Week 12 - my notes

Table of Contents

Week 12 - Quantum Key Distribuition: Part 2

One-to-one vs many-to-one problems

  • One-to-one: One output for each input. Ex: Update everyone’s schedule for the new year. Each input can be processed individually without affecting the other inputs.
  • Many-to-one: Many inputs, one output. Ex: Update everyone’s schedule based on everyone’s availabilites, hence each input needs to be ballanced to get one certain output.

Quantum computers usefulness

  1. Search and optimization: find the best solution in a large dataset. Ex: Database search, energy distrubuition, climate modeling, portfolio optimization
    • Is this just paralel computing? No.

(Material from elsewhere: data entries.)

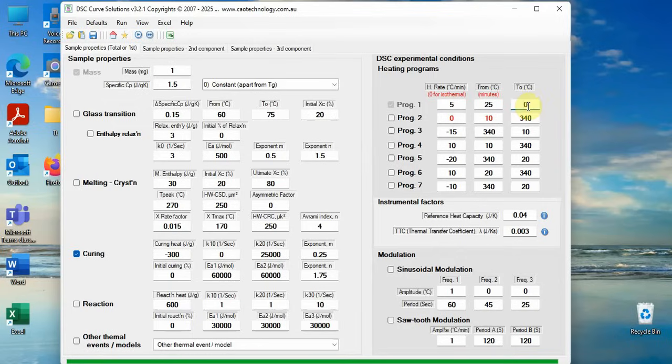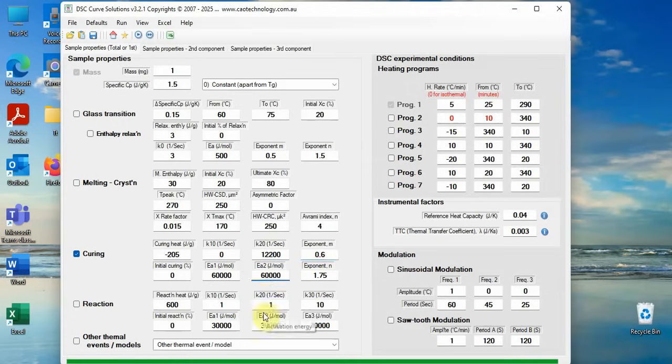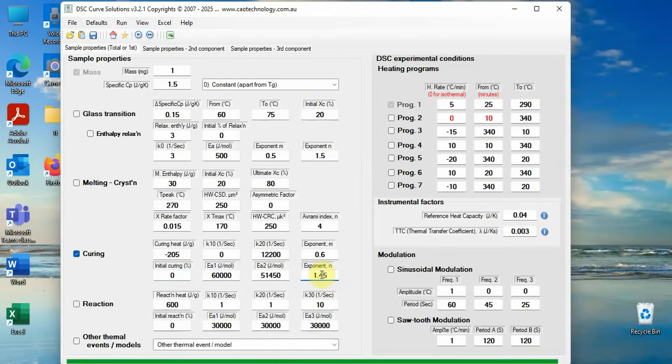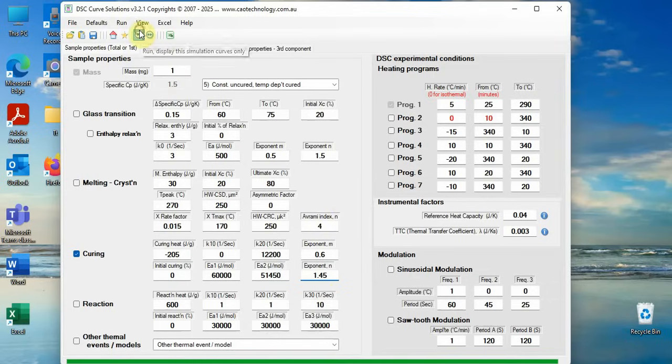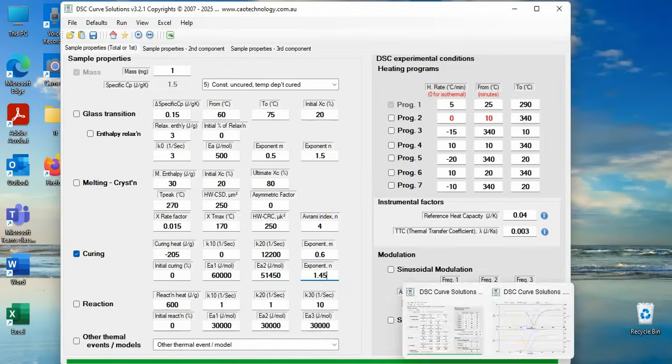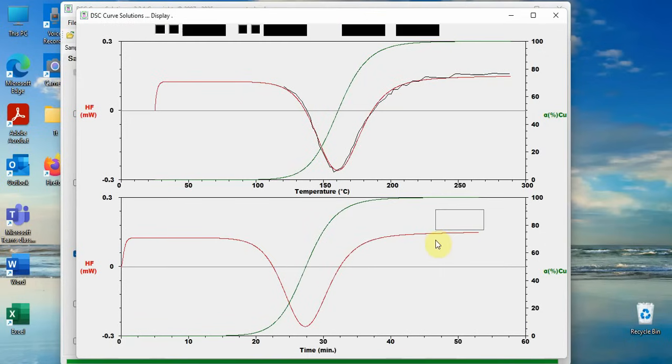You then adjust the parameter according to how simulated DCS curve departs from the DSC black curve. Trial and error until simulated curve matches the experiment curve. All the curing kinetics are then determined. The differential equation fully describes the curing behavior of the resin.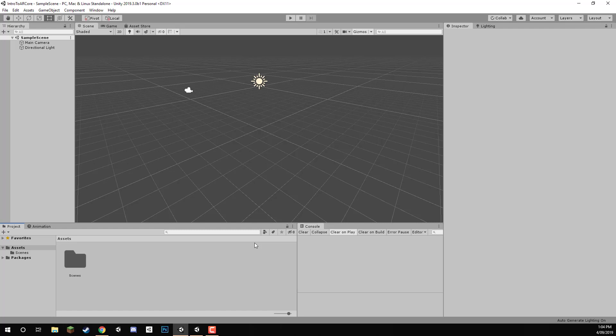Hey everyone, in this lesson we are going to go over how to actually set up ARCore on our new Unity project.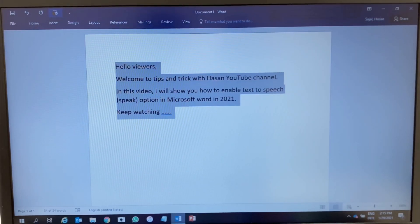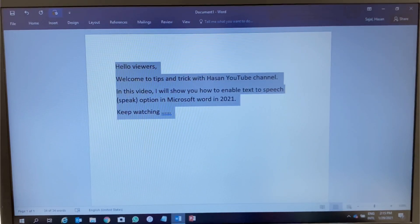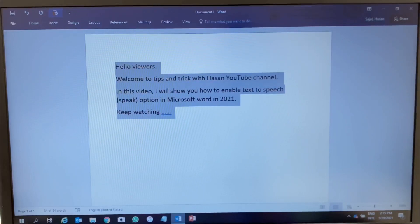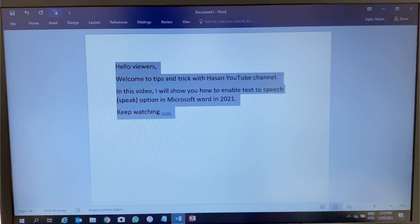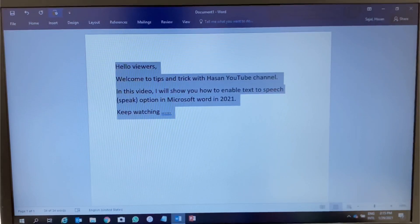Hello viewers. Welcome to Tips and Tricks with Hassan YouTube channel. In this video, I will show you how to enable the text-to-speech speak option in Microsoft Word in 2021. Keep watching.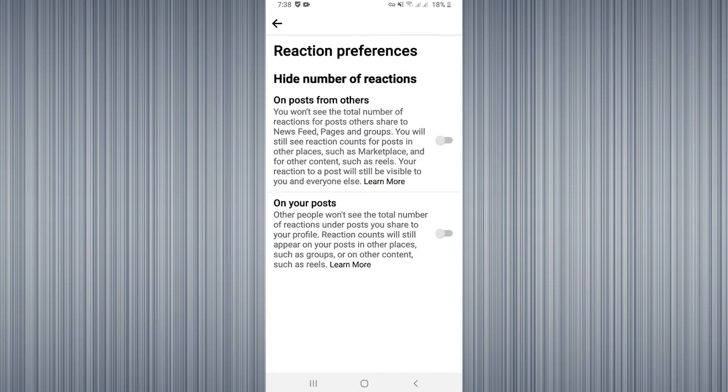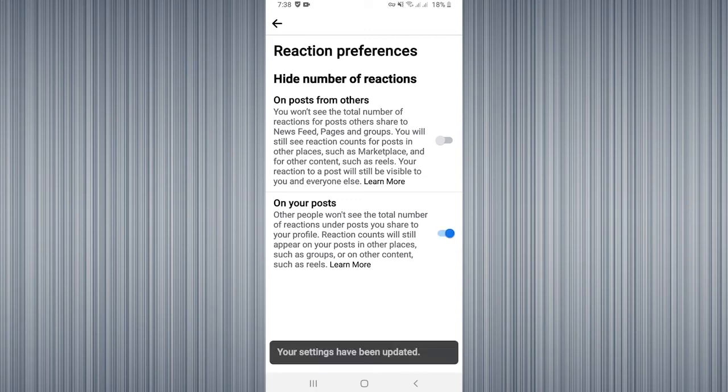Here you can find the second option, On Your Posts. Other people won't see the total number of reactions when you tap on that, and no one can see reactions on your post from now.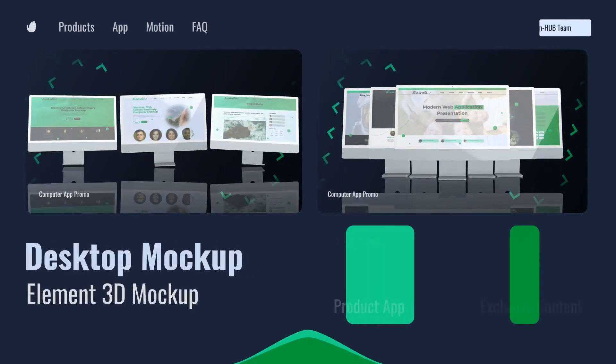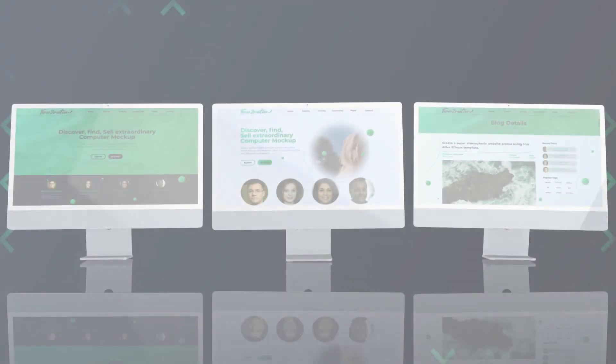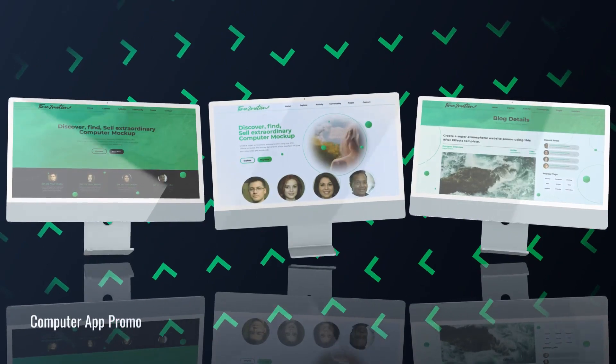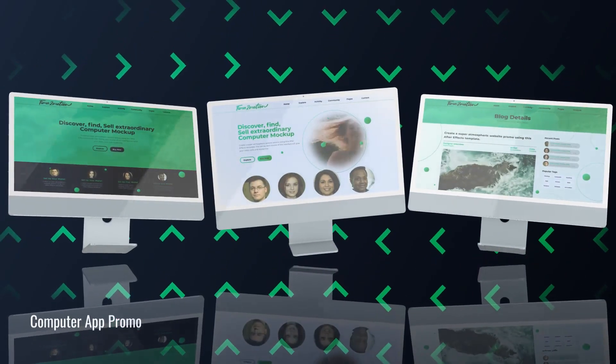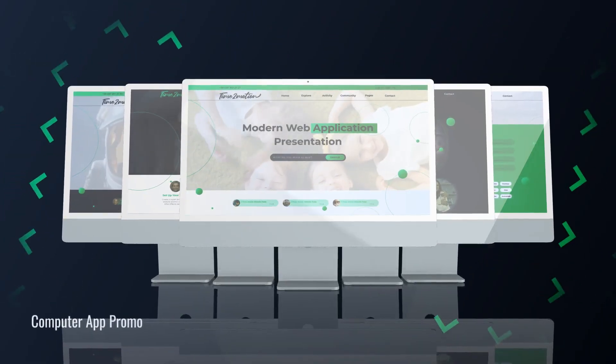The best 3D mock-ups for you. Just open the project, adjust the colors, insert your content, and run the render.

Paralel processing is focused on one-to-one problems, as quantum uses superposition to process multiple inputs (many-to-one) simultaneously.
  2. Simulation of quantum systems: use the same rules as nature at its most fundamental level to simulate this very own nature. Ex: Protein structure, novel battery materials, solar cells.

Relationships between quantum gates

  • Applying H, Z, H in this order is the same as only applying an X gate
  • Applying H, X, H in this order is the same as only applying a Z gate
  • This concept can be used as transpilation. Sometimes you work with a computer that can’t implement a certain gate, so you can use these workarounds to substitute the desired gate.

LAB

Statevector vs QASM simulation

Statevector steps:
  1. Create an “empty” quantum circuit with no classical bits

qc = QuantumCircuit(1)

  1. Add gates to this circuit

qc.h(0)

  1. Run it on a simulator

svsim = Aer.get_backend('statevector_simulator')

job = execute(qc,svsim)

result = job.result()

counts = result.get_counts(qc)

plot_histogram(counts)

QASM steps:
  1. Create an “empty” quantum circuit with classical bits

qc = QuantumCircuit(1,1)

  1. Add gates to this circuit

qc.h(0)

qc.measure(0,0)

  1. Run it on a simulator

backend = Aer.get_backend('qasm_simulator')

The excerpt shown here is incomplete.